Люба одна сидела за столом, ужинала.
— Вот кстати пришла, Даша. Поешь со мной. А то все одна да одна.
Сковородка с обжаренными макаронами стояла на столе. Люба достала из тумбочки вторую вилку, подала Дарье.
— Соседки-то где у тебя?
— На танцы убежали. Молодые девчонки. То на танцы, то в кино. А на выходной домой уезжают, в деревню. Из одной деревни все.
— К Мите я надумала поехать, — сказала Дарья.
Люба удивленно вскинула глаза.
— Сейчас?
— Сейчас. А после куда поедешь? Нюрка вот только... Поживешь с Нюркой?
— А чего не пожить? Не все ли едино мне, где спать-то? Поживу. И за уроками пригляжу, чтоб уроки делала — ты не заботься.
— Не хочет она, чтоб я к Мите ехала. Ревнует. Если, говорит, уедешь, тоже в колонию попаду.
— Не попадет! — уверенно проговорила Люба. — Мы с ней по вечерам в подкидного будем играть. Книги почитаем. Радио послушаем. И забудет свои глупости.
— Душевный ты человек, Люба.
— Нет, — нахмурилась Люба. — Это я только к тебе. А так нехорошая стала. Злоблюсь. Завидую. В ссору лезу. В магазин не схожу, чтоб не поругаться. Разве такая Люба была? Была да нету. Видно, правду говорят, что старые девы все злые.
— Брось ты...
— Я бы бросила, а не бросается. Да и к чему бросать-то? Кого ради стараться? Какая уж есть, такой и век доживать. Ты когда ехать думаешь?
— Да хоть завтра.
— И не откладывай. Завтра и поезжай.
В полночь, когда Дарье надо было идти на поезд, Нюрка уже спала. Или притворилась спящей. Дарье показалось, что притворилась. Она поцеловала Нюрку в щеку, отошла. Почудился ей за спиной печальный вздох. Обернулась — Нюрка лежала в той же позе. Худенькая была — едва обрисовывалась под одеялом ее фигурка, не приглядеться, так, кажется, никого и нет. Косички без лент — на ночь Нюрка выплетала ленты, берегла — раскинулись по ситцевой, белой в крапинку, наволочке. «И что ж она, дура, вбила себе в голову, что я ее не люблю», — подумала Дарья.
На вокзал пришли рано, боялись, что не застанут билета.
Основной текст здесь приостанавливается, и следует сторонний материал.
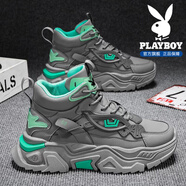 花花公子鞋子男鞋2025秋冬季新款運動(dòng)休閑潮厚底增高老爹鞋男士加絨小白鞋 灰黑色2154【高幫款】 41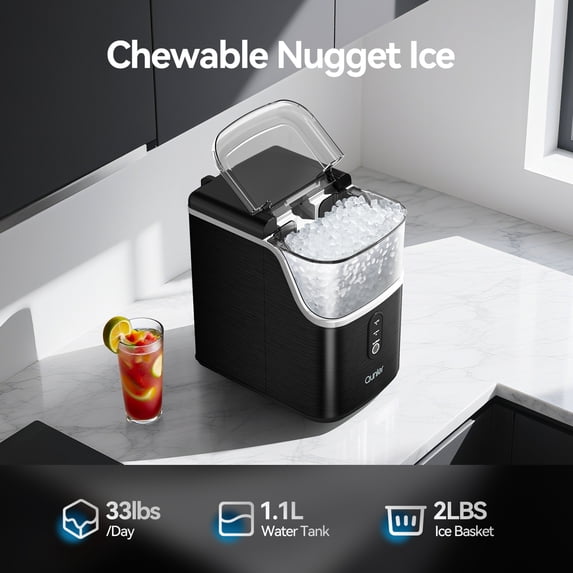 Qunler Nugget Ice Maker Countertops, 33lbs Per Day Portable Pebble ice machine, Crushed ice maker with Soft Chewable Ice for Home, Party, RV, Camping, Stainless Steel Black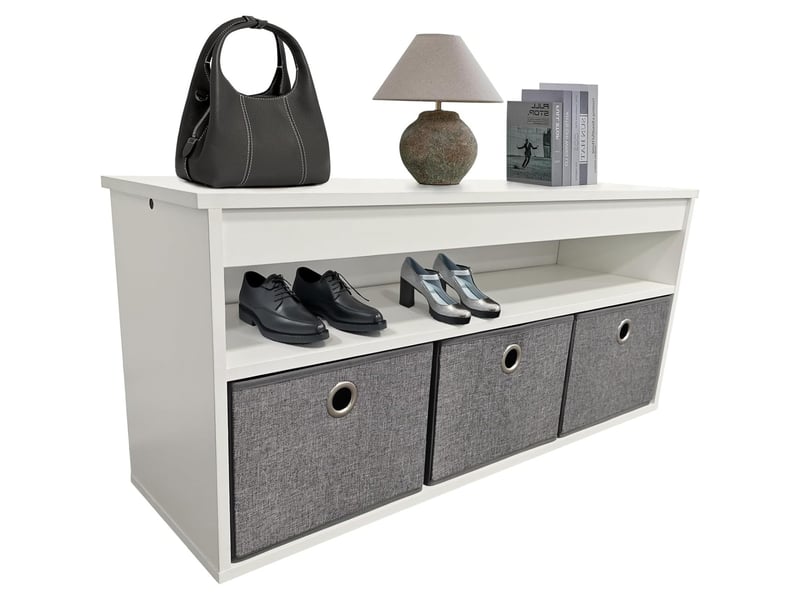 Banc d'entrée avec 1 étagère et 3 coffres bois blanc 102 x 30 x 45 cm 62736 - Conforama E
Люба встала в очередь, Дарья присела неподалеку на скамейку, поставив возле ног чемодан. В вокзале было чисто. И народу немного. Ребятишки спали на скамейках.
Открыли кассу, очередь зашевелилась, Дарья в беспокойстве встала.
— Да сиди ты, сиди, — покровительственно прикрикнула на нее Люба. — Билета, что ли, тебе не возьму?
Минут через двадцать Люба принесла билет.
— Нижняя полка, — удовлетворенно проговорила она. — Плацкарта.
— Да я бы и общим доехала.
— Не жилься! — сказала Люба. — Ты себя береги. А деньги заработаешь.
Дарья еще не ездила в таких вагонах. Так мягко шел вагон, словно не по рельсам катился, а по реке плыл, и стенки его голубели узорчатым тисненым рисунком, и над каждой скамейкой было вделано длинное узкое зеркало. А в войну-то... Припомнился ей холодный и тряский товарный вагон, железная печка посередине и задыхающаяся Варя на руках. «Жизнь к лучшему идет, — думала Дарья, — только бы радоваться. И все бы ничего, кабы не случилось беды с Митей...»
Она лежала, умостив под голову чемодан и укрывшись пальто — не стала на одну ночь тратиться на постель, в Москве пересадка, — в думах о Мите долго не спала. И маленький ее не спал, легкими толчками напоминая о себе, и отчего-то сделалось Дарье грустно, но покойно, как давно уже не бывало. Вагон слегка покачивало, горела слабеньким светом лампочка, старик тихо похрапывал на соседней полке, а где-то в глубине вагона мужские голоса вели спор — слов не разобрать, а по голосам похоже: спорили. И под стук колес, под приглушенные эти голоса заснула Дарья.